It is not to be supposed that they continued to offer any of the sacrifices prescribed by the law.



and breaking bread from house to house, 

“House to house” means At home. It represents the private Christian place of meeting, as contrasted with the temple. The meaning is not that every disciple broke bread in his own house, but that they broke bread at the house where the Christian assemblies were held, whether one or more were present. We have already seen the Church gathered together "in an upper room" (Acts 1:13), in "one place," in "a house" (Acts 2:1, 2), and "together" (v. 44); and in Acts 4:31 we read: “And when they had prayed , the place was shaken where they were assembled together ; and they were all filled with the Holy Ghost, and they spake the word of God with boldness. And we know that since the synagogue was “the house of prayer,” or “the house of assemblage,” the Christian place of meeting was called “the Lord's house,” from which we get the word "church." It was not unusual for the early Christians to take their food with them when they met for worship. The thing that linked them together was the love-feast, which formed an important part of the common life, of the early Christians.

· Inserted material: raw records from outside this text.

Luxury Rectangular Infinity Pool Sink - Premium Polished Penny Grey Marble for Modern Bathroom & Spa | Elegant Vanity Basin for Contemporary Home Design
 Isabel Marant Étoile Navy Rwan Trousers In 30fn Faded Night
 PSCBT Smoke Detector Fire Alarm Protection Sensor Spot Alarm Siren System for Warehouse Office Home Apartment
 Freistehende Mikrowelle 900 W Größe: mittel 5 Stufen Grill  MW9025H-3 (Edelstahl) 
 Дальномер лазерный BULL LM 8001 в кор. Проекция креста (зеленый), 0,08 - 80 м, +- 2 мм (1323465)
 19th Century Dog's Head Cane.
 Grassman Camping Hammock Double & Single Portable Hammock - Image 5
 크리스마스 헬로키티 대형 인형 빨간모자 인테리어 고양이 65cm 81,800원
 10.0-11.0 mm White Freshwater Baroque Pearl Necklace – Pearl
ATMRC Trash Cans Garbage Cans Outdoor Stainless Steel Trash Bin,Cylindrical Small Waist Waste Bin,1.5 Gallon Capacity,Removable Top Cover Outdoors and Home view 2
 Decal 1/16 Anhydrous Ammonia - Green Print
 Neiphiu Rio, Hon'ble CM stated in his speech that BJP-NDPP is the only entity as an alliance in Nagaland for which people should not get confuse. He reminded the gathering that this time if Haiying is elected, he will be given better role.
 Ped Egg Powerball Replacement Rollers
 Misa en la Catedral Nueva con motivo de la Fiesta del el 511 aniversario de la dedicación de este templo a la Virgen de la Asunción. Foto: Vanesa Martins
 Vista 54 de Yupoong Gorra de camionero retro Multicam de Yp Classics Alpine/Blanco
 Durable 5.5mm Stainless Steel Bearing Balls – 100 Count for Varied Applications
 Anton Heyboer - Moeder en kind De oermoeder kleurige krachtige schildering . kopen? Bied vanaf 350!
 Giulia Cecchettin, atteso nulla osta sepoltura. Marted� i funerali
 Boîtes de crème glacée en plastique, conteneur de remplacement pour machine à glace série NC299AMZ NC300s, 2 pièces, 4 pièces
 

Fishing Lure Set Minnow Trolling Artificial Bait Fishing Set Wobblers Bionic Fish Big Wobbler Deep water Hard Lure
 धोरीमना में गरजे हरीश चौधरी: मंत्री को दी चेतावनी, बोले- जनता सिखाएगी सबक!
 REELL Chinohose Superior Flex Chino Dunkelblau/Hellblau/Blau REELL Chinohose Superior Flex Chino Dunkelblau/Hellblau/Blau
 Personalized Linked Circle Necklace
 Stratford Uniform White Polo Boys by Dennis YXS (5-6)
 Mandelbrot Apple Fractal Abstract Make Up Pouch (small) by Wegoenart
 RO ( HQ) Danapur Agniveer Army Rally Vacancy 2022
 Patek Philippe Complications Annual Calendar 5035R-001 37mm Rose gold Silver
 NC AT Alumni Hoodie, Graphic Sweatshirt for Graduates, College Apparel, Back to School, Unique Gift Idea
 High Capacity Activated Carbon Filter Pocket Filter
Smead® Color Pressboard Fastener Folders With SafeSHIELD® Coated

The whole description is a beautiful picture of Christian unity, piety, love, and joy.



This clause has several other interpretations that I shall mention. “Breaking bread from house to house” either means (1) administering the Lord's supper in private houses, which is how the Jews kept their Passover, sometimes administering it at one house, and sometimes at another; or (2) because there was so many of them, one house could not hold them all, so they divided themselves into smaller groups; and some met, and had the ordinance administered to them in one house, and some in another: or (3) this may refer only to their common meals, which they ate together at one another's houses with great love and friendship.



The term “breaking bread” may have come from the condition of Jewish bread, which was thin, hard, and dry, and was never cut with the knife as ours is, but was simply broken with the hands.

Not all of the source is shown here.